- WHAT NEEDS TO BE DONE: All entries below must be output word for word, and the pictures left behind.

- THE RECORDS:
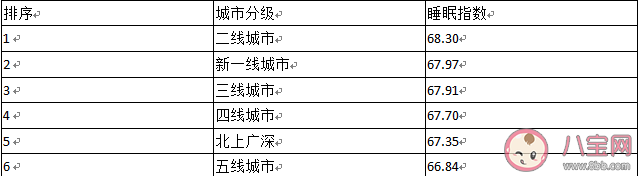 广东人上床睡觉时间全国最晚 哪个地区睡眠指数最高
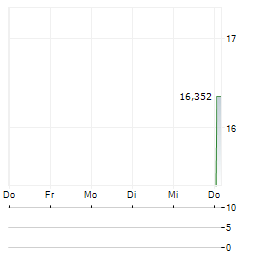 SHINDENGEN ELECTRIC MANUFACTURING Aktie 5-Tage-Chart
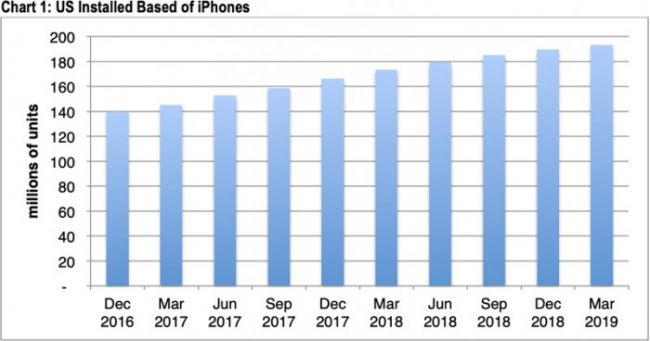 苹果的焦虑：美国本土iPhone用户增长放缓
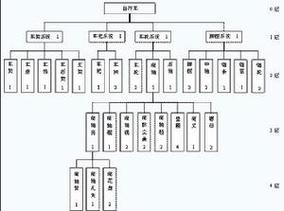 物料需求计划（MRP）实战：从崩溃到顺畅，我踩过的那些坑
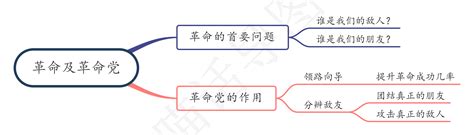 当今中国社会各阶级阶层的分析(下) - 红色文化网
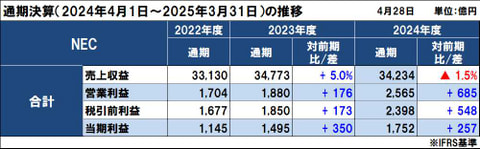 NECの2024年度（2025年3月期）通期決算は減収増益、Non-GAAP営業利益は中計目標を1年前倒し達成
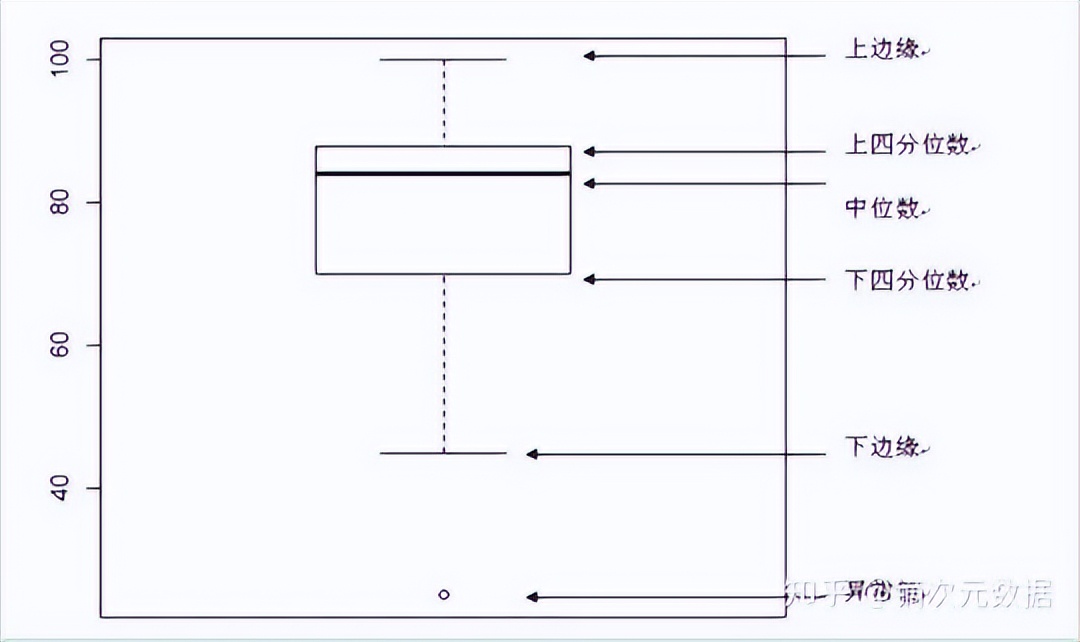什么情况下画箱线图,箱线图与线图的区别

- REPLY TO THE EXERCISE:
 广东人上床睡觉时间全国最晚 哪个地区睡眠指数最高
 SHINDENGEN ELECTRIC MANUFACTURING Aktie 5-Tage-Chart
 苹果的焦虑：美国本土iPhone用户增长放缓
 物料需求计划（MRP）实战：从崩溃到顺畅，我踩过的那些坑
 当今中国社会各阶级阶层的分析(下) - 红色文化网
 NECの2024年度（2025年3月期）通期決算は減収増益、Non-GAAP営業利益は中計目標を1年前倒し達成
什么情况下画箱线图,箱线图与线图的区别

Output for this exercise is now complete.